CITIZEN KANE It was in this frame of mind that the musicians got together for a few weeks in autumn 2010 in the haven of peace, technology and creation, aka Nilento, the Swedish studio set up by Lars Nilsson. As if getting back to his roots with a promise for the future, Avishai Cohen once again found himself working with a sound engineer with whom his relations were not strictly professional – yet another member of his musical family. Lars Nilsson architect of Continuo and Gently Disturbed, touchstones in Cohen’s discography, did a lot to showcase the double bass players’ pristine compositions. With Nilsson, Cohen not only found someone to record his music, but an ear and the technical prowess to match his artistic perfectionism.

Truffaut said of Orson Welles’ Citizen Kane it was “THE film, the one which sums up and prefigures all of the others”. It is tempting to apply the same to Seven Seas when considered as part of Avishai Cohen’s body of work, as it blends all paths and voices explored by the artist since the early 1990s when he first burst on the New York scene, soon to be taken under Chick Corea’s wing. But above all, he announces and puts forward an (ever more) ambitious, subtle and refined art in composition, without jettisoning his hallmark energy, frenzy and emotion. Just listen to the labyrinthine sounds of Two Roses and you’ll get the picture. Featuring nursery rhymes, lullabies and suites in which heroic inspiration and symphonics abound, Seven Seas plunges us into a fabulous sound voyage, in which understatement and magnitude play a never-ending game of ping-pong, a trip that easily transposes to the silver screen.
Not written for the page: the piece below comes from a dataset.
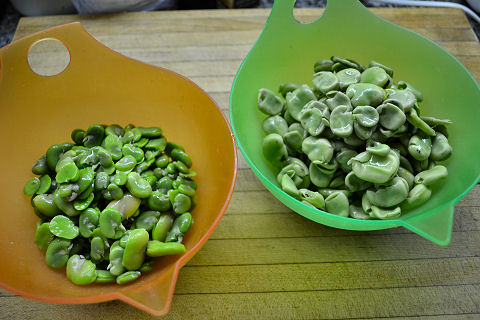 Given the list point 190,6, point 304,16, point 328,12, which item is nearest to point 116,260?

Once you get past the opening credits dripping in joyful nostalgia, you steer past isles of rhythm and continents of sound, winding up with a traditional piano ladino with Cohen’s intense vocals.

With Seven Seas, Cohen has reached a new pinnacle as an artist. It could be classified as a mature work, if that were not too heavy a connotation. It’s more of a fusion album, perhaps bringing us closer to reality of an odyssey, with its title that transports us into nautical legend: Seven Seas’ many twists and turns make it the most exciting of albums in Cohen’s discography.